§ Stored data
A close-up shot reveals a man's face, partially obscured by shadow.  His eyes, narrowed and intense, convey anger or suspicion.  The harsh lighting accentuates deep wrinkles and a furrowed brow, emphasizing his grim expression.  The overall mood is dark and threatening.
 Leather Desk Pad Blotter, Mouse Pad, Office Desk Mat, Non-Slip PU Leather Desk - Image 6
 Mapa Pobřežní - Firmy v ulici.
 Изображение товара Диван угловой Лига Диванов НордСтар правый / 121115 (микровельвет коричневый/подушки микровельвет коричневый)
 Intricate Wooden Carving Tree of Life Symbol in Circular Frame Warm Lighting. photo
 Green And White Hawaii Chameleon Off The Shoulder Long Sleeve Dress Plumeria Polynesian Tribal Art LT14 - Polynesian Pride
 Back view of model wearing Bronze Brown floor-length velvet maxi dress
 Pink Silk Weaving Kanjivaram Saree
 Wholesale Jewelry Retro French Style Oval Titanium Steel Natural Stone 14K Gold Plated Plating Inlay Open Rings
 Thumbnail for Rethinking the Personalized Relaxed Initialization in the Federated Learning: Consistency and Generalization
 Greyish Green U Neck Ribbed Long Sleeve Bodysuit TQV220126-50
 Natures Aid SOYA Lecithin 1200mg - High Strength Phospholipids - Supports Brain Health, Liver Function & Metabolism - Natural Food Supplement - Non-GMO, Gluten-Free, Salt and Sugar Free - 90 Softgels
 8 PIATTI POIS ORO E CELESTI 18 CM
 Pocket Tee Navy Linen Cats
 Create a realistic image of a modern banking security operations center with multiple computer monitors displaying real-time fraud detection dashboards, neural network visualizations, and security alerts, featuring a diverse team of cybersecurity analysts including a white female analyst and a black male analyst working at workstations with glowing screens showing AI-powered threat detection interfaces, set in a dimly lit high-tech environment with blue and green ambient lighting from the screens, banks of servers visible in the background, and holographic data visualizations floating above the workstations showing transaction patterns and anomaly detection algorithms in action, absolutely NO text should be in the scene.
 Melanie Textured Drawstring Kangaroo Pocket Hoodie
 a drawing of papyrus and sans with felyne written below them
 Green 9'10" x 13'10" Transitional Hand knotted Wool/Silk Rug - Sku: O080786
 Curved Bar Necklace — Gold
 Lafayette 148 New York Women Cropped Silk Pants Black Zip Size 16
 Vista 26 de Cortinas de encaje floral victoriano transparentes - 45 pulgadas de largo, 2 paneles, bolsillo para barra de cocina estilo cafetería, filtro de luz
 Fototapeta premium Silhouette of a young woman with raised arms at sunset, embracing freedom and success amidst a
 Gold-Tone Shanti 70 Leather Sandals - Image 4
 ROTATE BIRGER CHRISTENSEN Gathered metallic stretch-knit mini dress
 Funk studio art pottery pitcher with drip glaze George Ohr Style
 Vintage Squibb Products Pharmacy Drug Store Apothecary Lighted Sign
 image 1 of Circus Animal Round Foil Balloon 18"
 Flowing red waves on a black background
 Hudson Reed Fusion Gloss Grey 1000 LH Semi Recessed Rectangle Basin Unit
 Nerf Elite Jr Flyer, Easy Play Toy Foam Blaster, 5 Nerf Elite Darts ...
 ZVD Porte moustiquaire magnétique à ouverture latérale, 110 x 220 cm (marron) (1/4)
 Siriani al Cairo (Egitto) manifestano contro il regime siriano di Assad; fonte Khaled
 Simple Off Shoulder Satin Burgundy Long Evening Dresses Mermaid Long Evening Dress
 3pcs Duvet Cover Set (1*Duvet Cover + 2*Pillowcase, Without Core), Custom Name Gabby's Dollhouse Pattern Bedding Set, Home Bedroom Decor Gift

§ Work instructions
Your answer should be each line of the data that contains the word "Silk", copied as it stands.

§ Answer section
 Pink Silk Weaving Kanjivaram Saree
 Green 9'10" x 13'10" Transitional Hand knotted Wool/Silk Rug - Sku: O080786
 Lafayette 148 New York Women Cropped Silk Pants Black Zip Size 16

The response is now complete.